From: Thierry Sourbier <webmaster@i18ngurus.com>
Date: Fri, 19 Oct 2001 15:29:24 +0200
To: <www-international@w3.org>
Message-ID: <007101c158a2$126c05a0$4fadfea9@dell400>

Sourav,

> The problem is setContentType works fine when the string you are
> printing out is an Unicode string.

Well, all strings are assumed to be Unicode in Java, that's a feature and
the big difference with a byte stream. If you have non-Unicode strings that
means that you didn't read them with the proper encoding and the problem
would better be solved there.

> Where as if content type is specified through meta tag what I found even
> the non unicode string is displayed properly. I don't know how it works.

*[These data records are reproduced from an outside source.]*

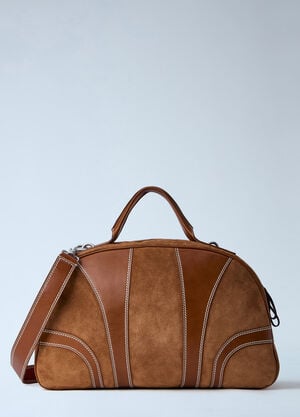 Dries Van Noten Leather-Trimmed Suede Duffel Bag Brown dvn0163033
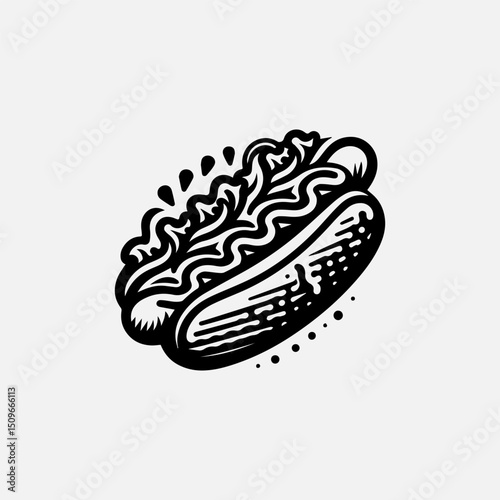 An iconic black and white illustration vector logo of a hot dog with appealing condiments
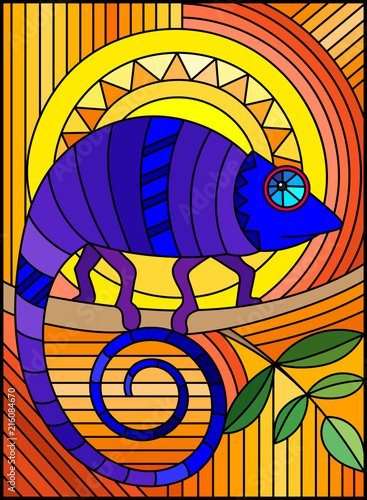 Illustration in stained glass style with abstract geometric blue chameleon on a orange background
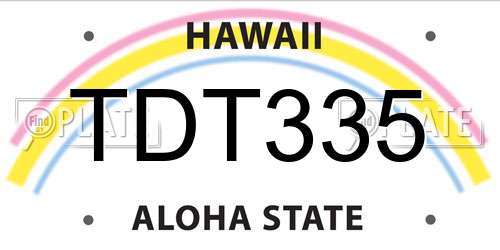 TDT335 Hawaii License Plate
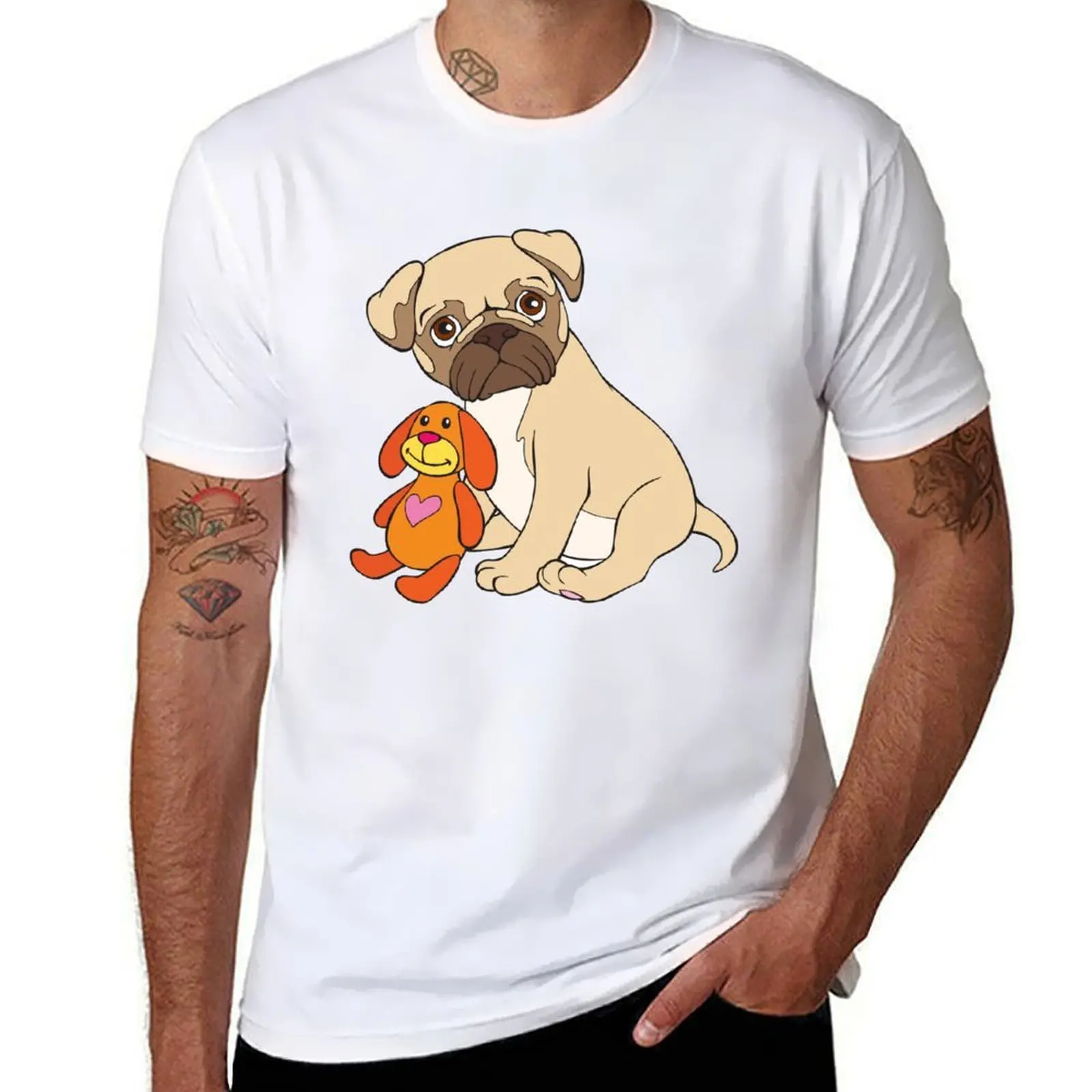 

Pug with stuffed animal T-Shirt t shirts for man slim fit cotton t shirts man 100% T-Shirt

Well it is a case where 2 mistakes compensate one another :). You are
relying on the default encoding for both the input and output when your data
obviously is using a different encoding. This works fine only as your
default encoding is likely a single byte with no invalid values (e.g.
CP1252). Yet be aware that you can't manipulate the string in your Java code
as you may corrupt/lose the data because Java does not know anymore what is
a character (e.g. just try to do a character count...).  As you've already
discovered it when you tried to use the setContentType API, your code will
also quickly become a maintenance nightmare. In a multilingual environement,
it is therefore best to specify the encoding used for any input/output even
if in some case (like yours) it seems to work fine if you don't.

Regards,
Thierry

Received on Friday, 19 October 2001 09:55:16 UTC